MBL deficiency or mannose-binding lectin deficiency is an illness that has an impact on immunity. Low levels of mannose-binding lectin, an immune system protein, are present in the blood of those who have this illness. It's unclear if this deficiency increases the risk of recurrent infections in those who are affected.

==Signs and symptoms==
Specific infection susceptibility has been linked to low MBL levels.

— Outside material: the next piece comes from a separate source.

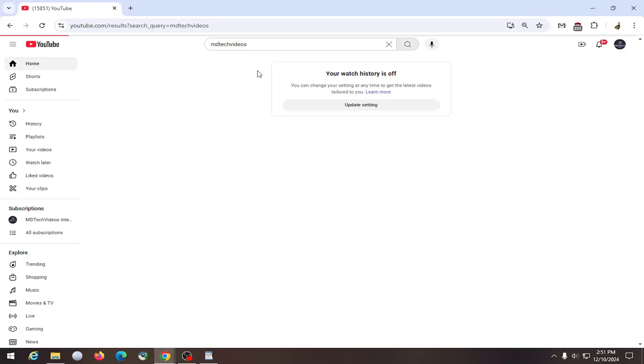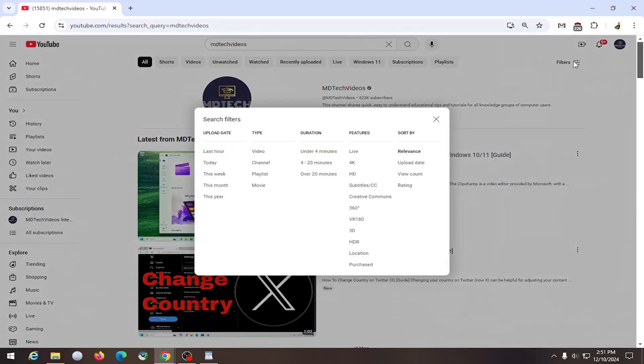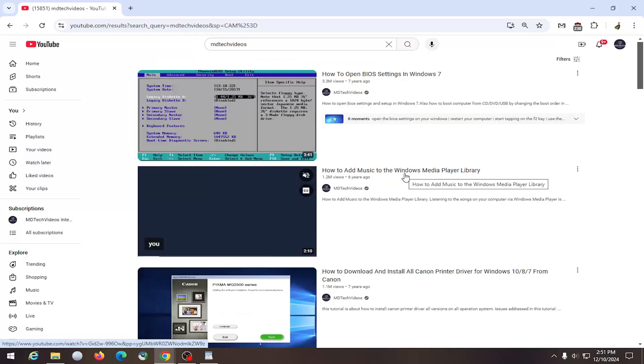So you first need to perform a normal YouTube search. Select the filters button on the right side where it says sort by. You want to select view count. Go ahead and left click on that.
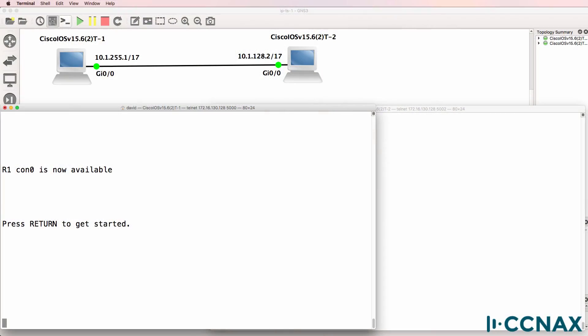This is one of multiple videos discussing IP subnetting. I've received numerous questions with regards to IP subnetting, and I'm going to try and answer a lot of them through these videos.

This is especially true when it comes to chronic illnesses like cystic fibrosis, chemotherapy-induced neutropenia, and weakened immunity, which are all present in the neonatal period. Moreover, septic shock and death have been connected to MBL deficiency.

==Causes==
Mannose-binding lectin deficiency can result from mutations in the MBL2 gene.

==Mechanism==
Mannose-binding lectin (MBL) is a soluble innate immune system pattern recognition molecule. MBL activates the complement lectin pathway by binding to glycoconjugates on the surface of a variety of clinically significant bacteria, viruses, and fungi that contain mannose, fucose, or N-acetylglucosamine. MBL stimulates leucocyte chemotaxis and activation as well as phagocytosis through complement activation. Additionally, MBL may contribute to the resolution of lung inflammation by apoptosis cell clearance and proinflammatory cytokine secretion suppression.

==Epidemiology==
Depending on the definition of deficiency, MBL deficiency affects 10–30% of individuals, making it one of the most prevalent immune defects.